Pada pemilihan presiden tahun 1999, Mandela tidak lagi berniat aktif dalam politik, ia melanjutkan perjuangannya melalui yayasan; mengumpulkan dana bagi pembangun pembangunan sekolah serta klinik kesehatan. Mandela pun aktif memerangi aids sejak kematian anaknya, Makgatho, karena penyakit itu. Dalam tahun 2004, pada usianya ke 85, Mandela mengundurkan diri dari kegiatan publik, kembali ke desa asal, di Qunu.

Sejak mendapat infeksi paru-paru yang di diagnose Januari 2011, keadaan kesehatan-nya menurun, berturut-turut mendapat perawatan di rumah sakit, beberapa kegiatan kunjungannya terpaksa mengalami pembatalan. Nelson Rolihlahla Mandela meninggal pada 5 Desember 2013, pada usia 95 tahun, di kediamannya di Johannesburg, dengan ditemani isterinya yang ketiga, Graca Machel.

Mandela pernah menikah tiga kali, dalam waktu berbeda. Isteri pertama meninggalkan nya ketika ia meringkuk dalam penjara, begitu juga dengan isteri kedua, yang dinikahi kemudian. Dari pernikahannya dengan kedua isteri ia mendapat 6 orang putera puteri, sebelum ia menikah ketiga kalinya.

Kenangan mendalam atas pribadinya.

Di dunia internasional, Mandela aktif sebagai mediator perdamaian antara lain sebagai penengah perselisihan antara Libya dengan British. Sepeninggalnya, dunia kehilangan ‘bapak nation’, hampir seluruh negara menyatakan berkabung atas kepergiannya, dan pemimpinnya akan menghadiri hari pemakamannya.

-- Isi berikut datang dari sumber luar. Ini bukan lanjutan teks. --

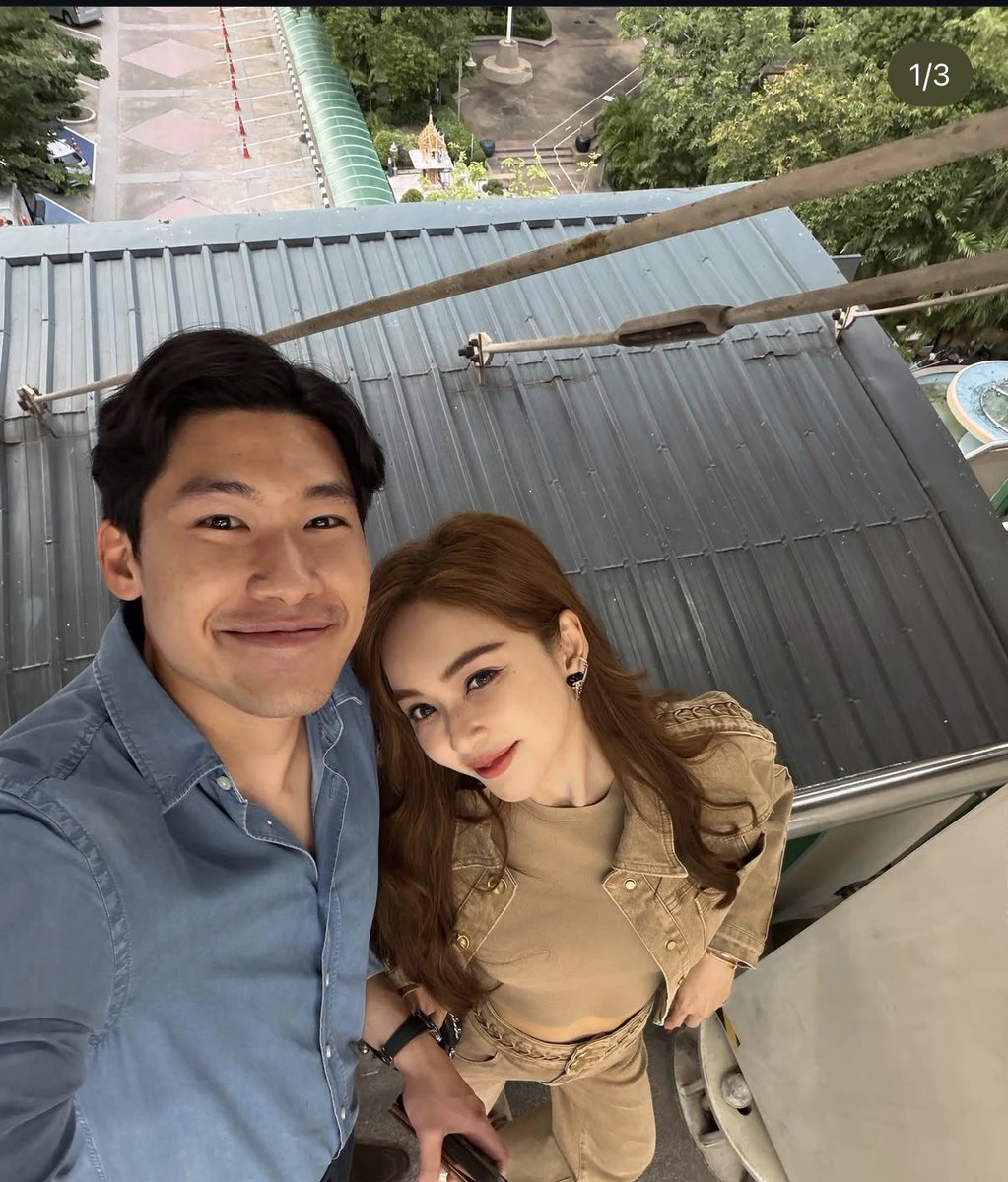kkaowfangz_'s tweet photo. ตลกมากพี่เมย์มารายการ #แฉ
🤰🏻เมย์ >> "คนที่รู้คนแรกคือ เป้ยปานวาด...คือไม่ได้ตั้งใจจะบอกมัน แต่มันดันมาบ้าน แล้วมันจะมาชวนเต้น ต.ต.  เราก็กลัวมันชวนทำอะไรบ้าๆ เดี๋ยวลูกหลุด 👶🏻 ก็เลยต้องบอกมัน" 5555555

🎙️ถาม >> แล้วเป้ยรู้ โลกรู้มั้ย??
🤰🏻เมย์ >> "ไม่รู้ๆ เขาเก็บความลับได้อยู่..เขาไม่ได้หมกมุ่นเรื่องเรา
เขาหมกมุ่นเรื่องแฟนใหม่เขาอยู่"
5555555 
แต่แม่เป้ยลัคกี้อินเกมลัคกี้อินเลิฟสุดๆ 🩷
#เป้ยปานวาด #เมย์พิชญ์นาฏ #ข่าวดารา #ข่าวบันเทิง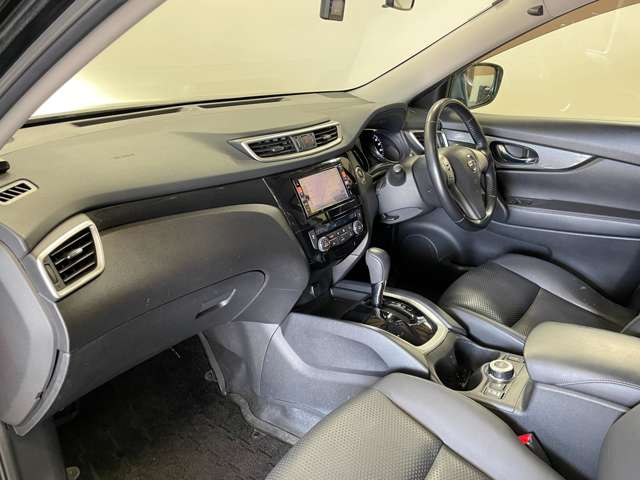 日産 エクストレイル ２．０ ２０Ｘ ブラック エクストリーマーＸ ３列車 ４ＷＤ H27年 (甲信越・北陸) 99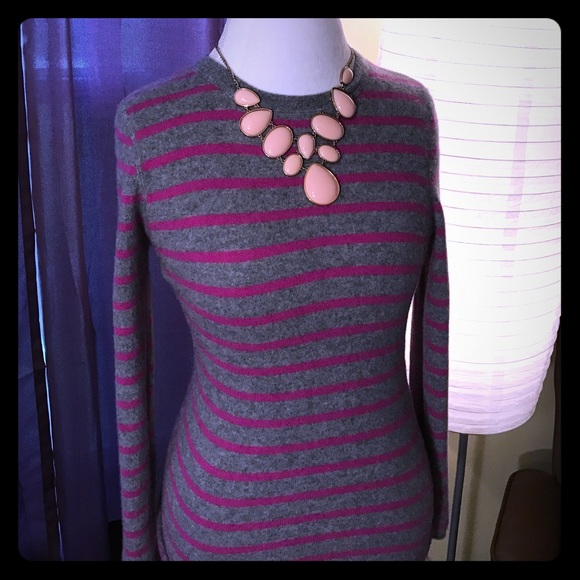 Cashmere!! Soooo soft long sleeve sweater!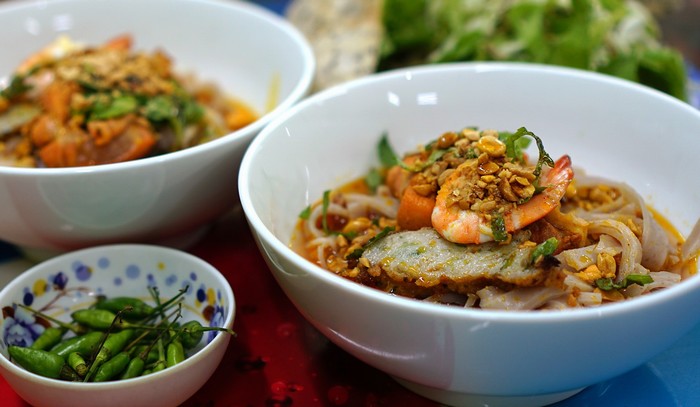 mi-quang-va-cao-lau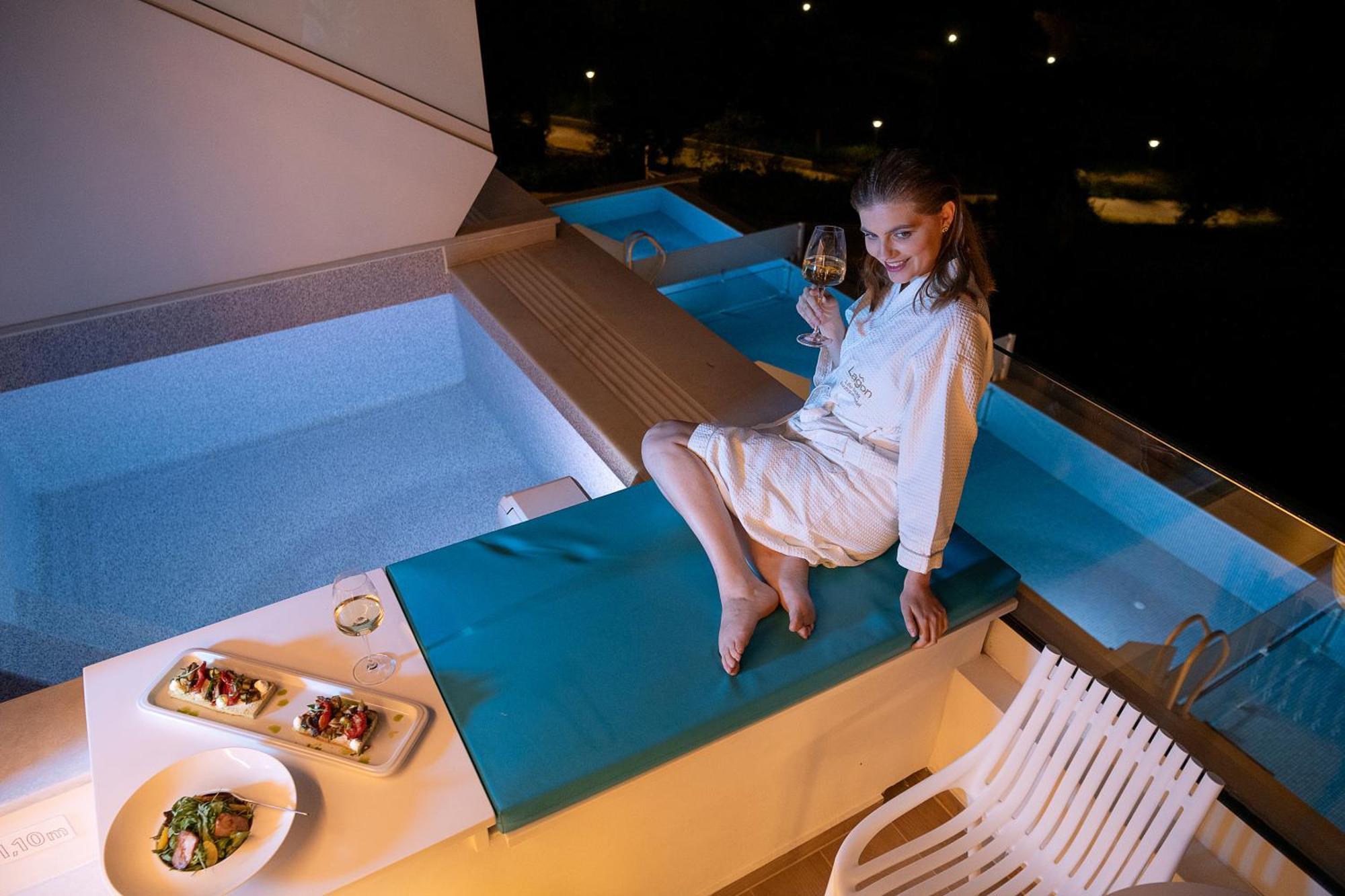 Lagon Life Spirit Boutique Hotel - Adults Only Chania  Exterior foto A woman in a bathrobe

Tokoh yang akrab disapa kalangannya dengan sebutan ‘Madiba’, tiada membenci siapa pun, tak juga membenci bangsa berkulit putih, orang bule, yang telah menindas rakyat Afrika Selatan dalam waktu yang sangat panjang, justru ia membenci ras diskriminasi, seperti pernyataannya sendiri:
“I hate race discrimination most intensely and in all it’s manifestations. I have fought it all during my life; I fight it now, and will do so until the end of my days.”